To execute successfully, database research must look beyond its traditional boundaries and find allies throughout computing. This is a unique opportunity for a fundamental "reformation" of the notion of data management, not as a single system but as a set of services that can be embedded as needed in many computing contexts.

Interplay of structured and unstructured data. A growing number of data-management scenarios involve both structured and unstructured data. Within enterprises, we see large heterogeneous collections of structured data linked with unstructured data (such as document and email repositories). On the Web, we also see a growing amount of structured data primarily from three sources: millions of databases hidden behind forms (the deep Web); hundreds of millions of high-quality data items in HTML tables on Web pages and a growing number of mashups providing dynamic views on structured data; and data contributed by Web 2.0 services (such as photo and video sites, collaborative annotation services, and online structured-data repositories).
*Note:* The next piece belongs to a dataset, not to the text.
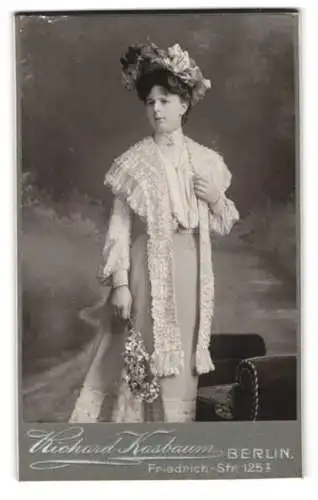 Fotografie Richard Kosbaum, Berlin, Friedrich-Str. 125, Elegante Dame mit Blumenstrauss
A significant long-term goal for the database community is to transition from managing traditional databases consisting of well-defined schemata for structured business data to the much more challenging task of managing a rich collection of structured, semi-structured, and unstructured data spread over many repositories in the enterprise and on the Web—sometimes referred to as the challenge of managing dataspaces.

In principle, this challenge is closely related to the general problem of data integration, a longstanding area for database research. The recent advances in this area and the new issues due to Web 2.0 resulted in significant discussion at the Claremont meeting. On the Web, the database community has contributed primarily in two ways: First, it developed technology that enables the generation of domain-specific ("vertical") search engines with relatively little effort; and second, it developed domain-independent technology for crawling through forms (that is, automatically submitting well-formed queries to forms) and surfacing the resulting HTML pages in a search-engine index. Within the enterprise, the database research community recently contributed to enterprise search and the discovery of relationships between structured and unstructured data.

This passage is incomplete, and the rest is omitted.